Strengthening Ties, Building Trust, and Leveraging Tactics
How “R1 the AU Sociology Way” Partners with Students as Researchers
By Nicole Angotti, Sarah Iverson, and Michelle Newton-Francis
Spring 2026
Sociology at AU functions as a learning community where faculty, graduate students, and undergraduates work together to co-produce cutting-edge knowledge addressing real-world problems. In this article, we reflect on how our department has long achieved R1 productivity within AU’s unique liberal arts heritage. We provide insight into how we have grounded our work in “three Ts”— ties, trust, and tactics — to produce high research output for over a decade while maintaining pedagogical excellence. In our experience, these commitments build community while simultaneously increasing productivity by synchronizing resources. Respectively, we embed the three Ts in our department’s curricular, extracurricular, and research center offerings, creating opportunities for students at different stages of training to co-produce sociological knowledge.
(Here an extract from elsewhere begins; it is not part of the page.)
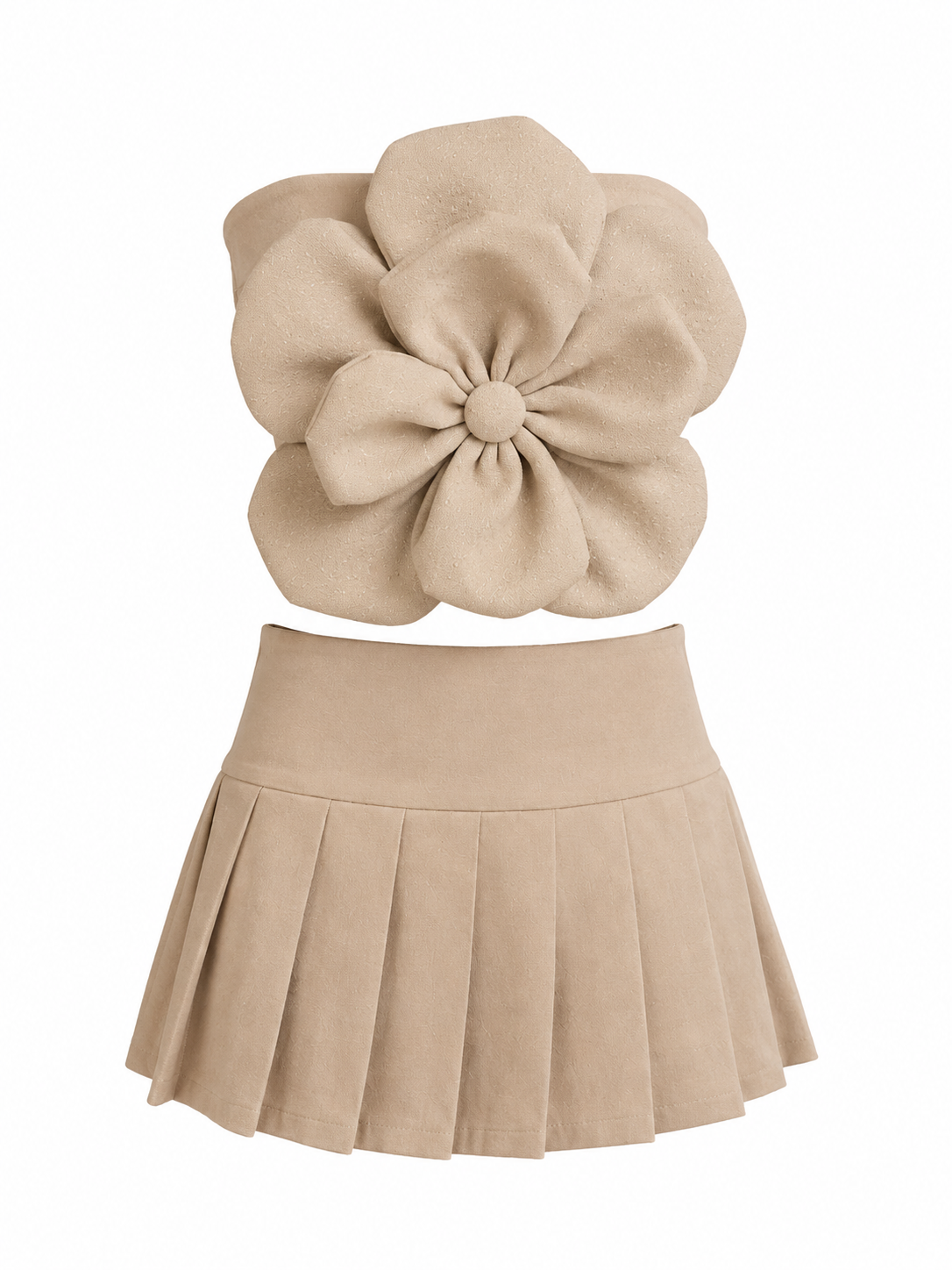 Top Strapless Lulu con Flor 3D en Relieve – Beige - Imagen 3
Following AU’s 2026 Strategic Plan, we share our experiences as a starting point for other departments and AU centers to “meet our moment” and do R1 in their own way.
Ties Within Curricular Offerings
In our department, students work on research projects over multiple years, which increases their sense of social belonging and campus connection. For example, in our master’s Sociology of Research and Practice (SORP) program, we design research as a shared, sustained experience that connects students to one another, faculty, and the wider discipline. Working in small cohorts, students immerse themselves in collaborative research teams, setting them on paths of publication that they leverage to pursue future research opportunities in PhD programs and the workforce.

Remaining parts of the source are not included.